La relation sino-américaine est l’une des plus complexes en Asie : en compétition pour l’hégémon mondial, peu de choses semblent rapprocher les deux nations. Souvent qualifiée d’État révisionniste, la Chine contemporaine a été accusée de vouloir rejeter la plupart des institutions internationales fondées par les États-Unis (Zhang, 2004). Une analyse plus rigoureuse du potentiel statut révisionniste de la Chine montre plutôt le contraire : malgré ses tendances réalistes, le pays continue son intégration dans les institutions internationales, faisant même la promotion de l’idée que les relations économiques ne sont pas un jeu à somme nulle (Johnston, 2003). La Chine est aujourd’hui État membre ou observateur de plus de 70 organisations internationales, y compris certaines dont les États-Unis sont absents, telles que l’UNESCO, l’Organisation Mondiale du Travail (OMT), et l’Union interparlementaire (UIP) (CIA, 2018).
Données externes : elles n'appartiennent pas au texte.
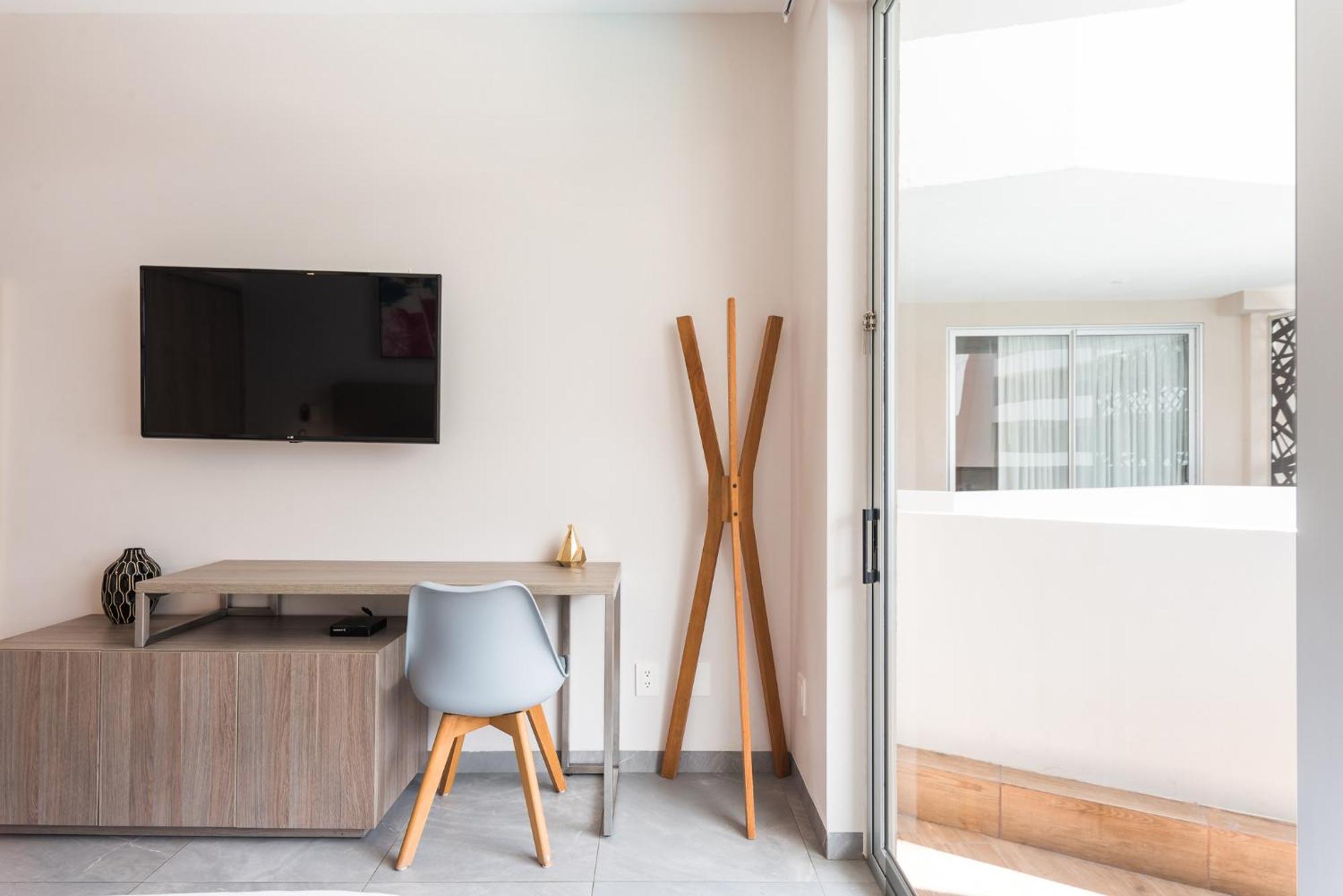 The Gallery Apartment Playa del Carmen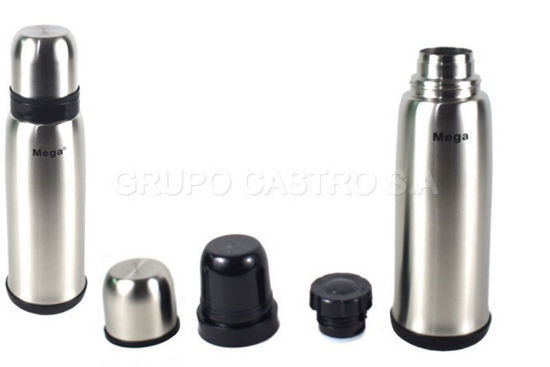 Foto de Termo p/cafe 1 ltr Acero Inox Espresso MEGA TB100 (6)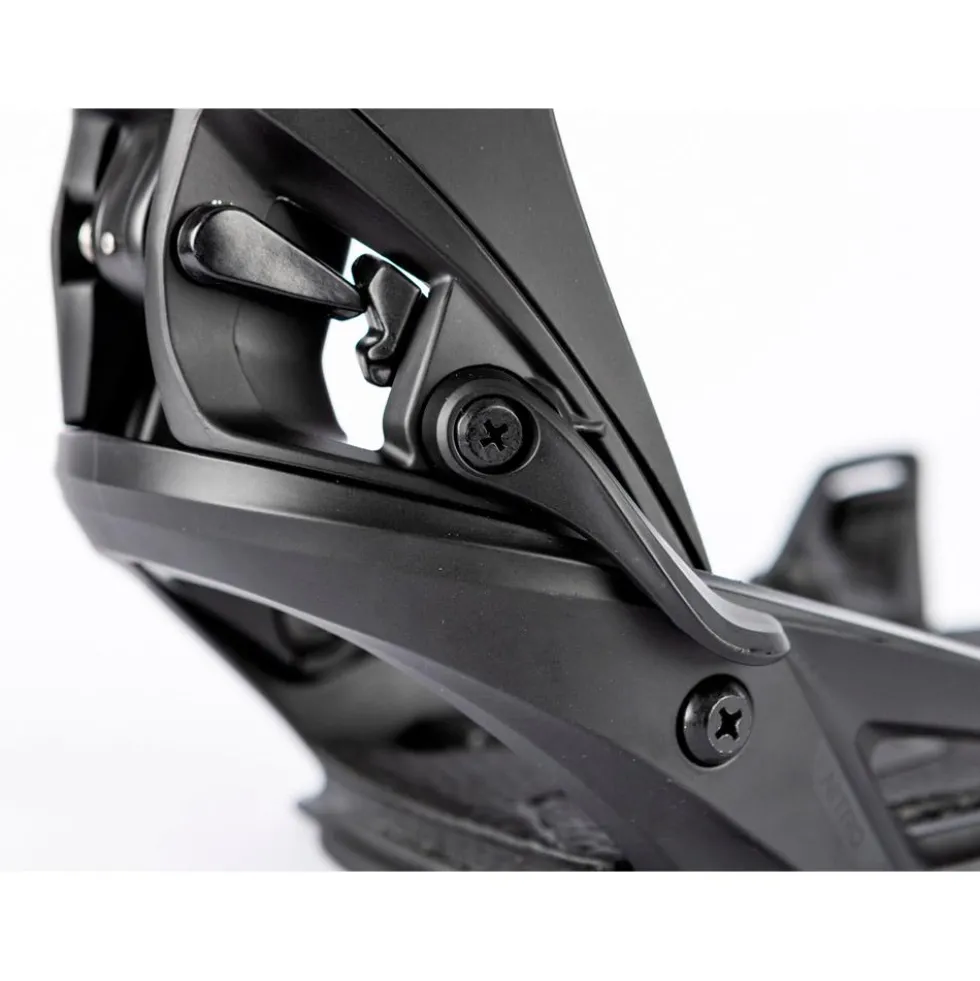 Attacchi Snowboard Nitro Step On Men Ultra Black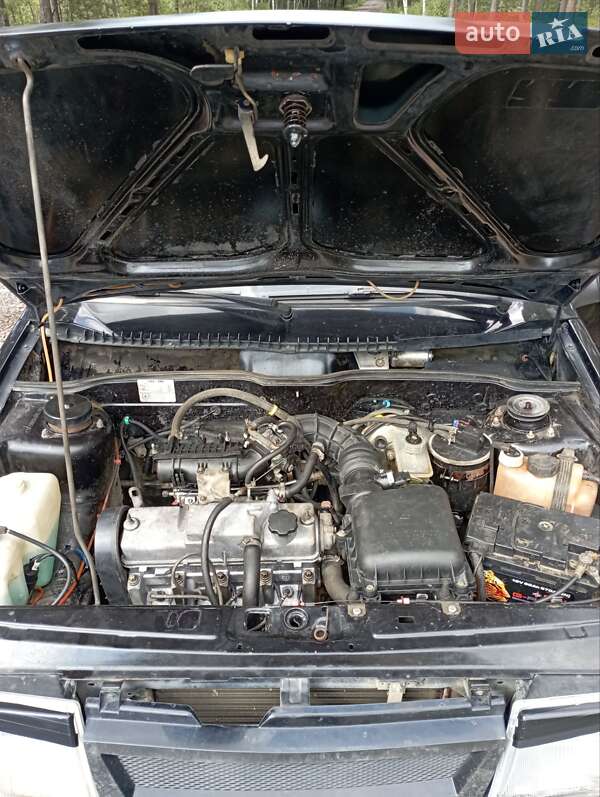 Седан ВАЗ / Lada 21099 2008 в Дубровиці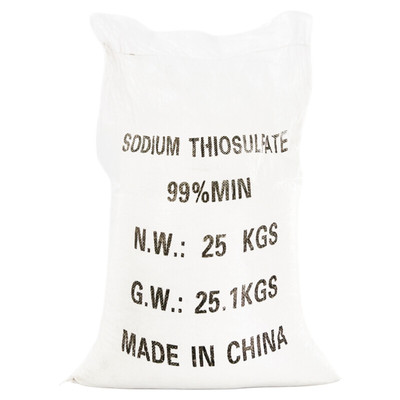 除氯大苏打硫代硫酸钠大颗粒改底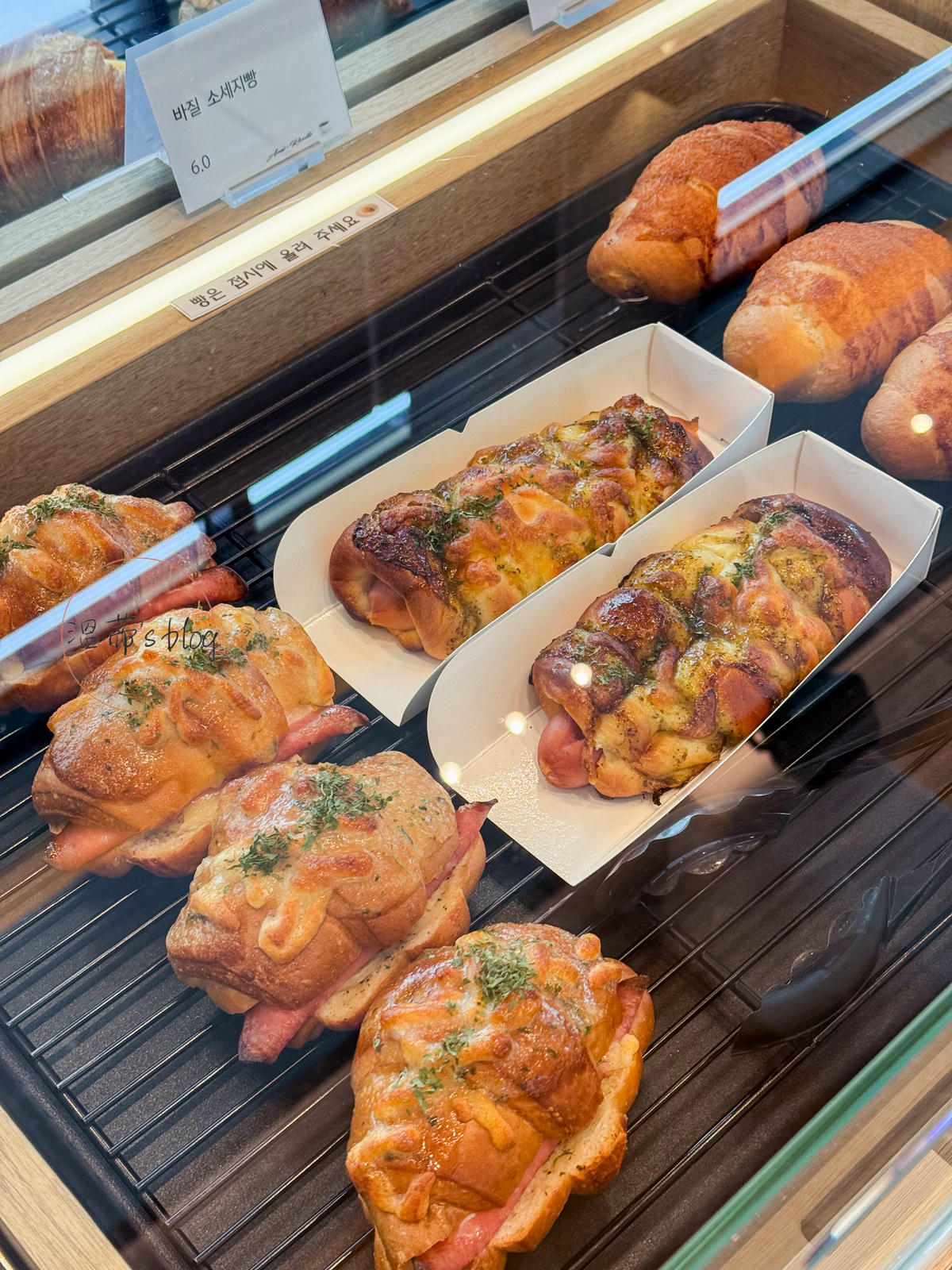 忠清南道「아미루트 Ami-Route」當地人氣網美咖啡廳 - 第7張圖 아미루트 麵包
On peut dire avec certitude que les États-Unis n’ont pas eu d’influence quant au choix du système politique chinois en place — au contraire, ils ont essayé de se débarrasser du communisme avec vigueur. À l’époque de la chute de la République de Chine – et la naissance de la République Populaire de Chine en 1949 –, la position américaine est très claire : « The critical nature of the current situation in China, where a government recognized and supported by the United States is now reeling under the impact of military defeats inflicted by Communists, provokes in Americans the desire for immediate action » (Bingham, 1949), c’est-à-dire qu’ils désiraient défendre la position de Taiwan contre la Chine continentale. L’opposition des États-Unis envers la Chine s’est longtemps manifestée à l’ONU, où Taiwan a siégé pendant 20 ans, pleinement supportée par l’Amérique, avant d’être remplacé par la Chine (United Nations, 1971 :127). Les relations diplomatiques avec la Chine se sont normalisées quelques années plus tard, en 1979, lorsque les États-Unis ont reconnu le principe d’une Chine unique (One China) (Council on Foreign Relations, s.d.). Ce changement de position des Américains s’explique par la volonté de stabiliser l’Asie face à l’URSS et de réduire les dépenses militaires dans la région (Green, 2017 : 345-351). C’était aussi un coup de poker de la part des États-Unis qui, pour légitimer leur hégémon, ont fait la promotion d’institutions internationales où ils étaient le principal maître à bord. Cela s’est révélé être une stratégie à double tranchant, comme cette légitimation nécessitait la participation de la Chine, et que la Chine a demandé sa part du pouvoir en échange de sa coopération (Tiberghien, 2018).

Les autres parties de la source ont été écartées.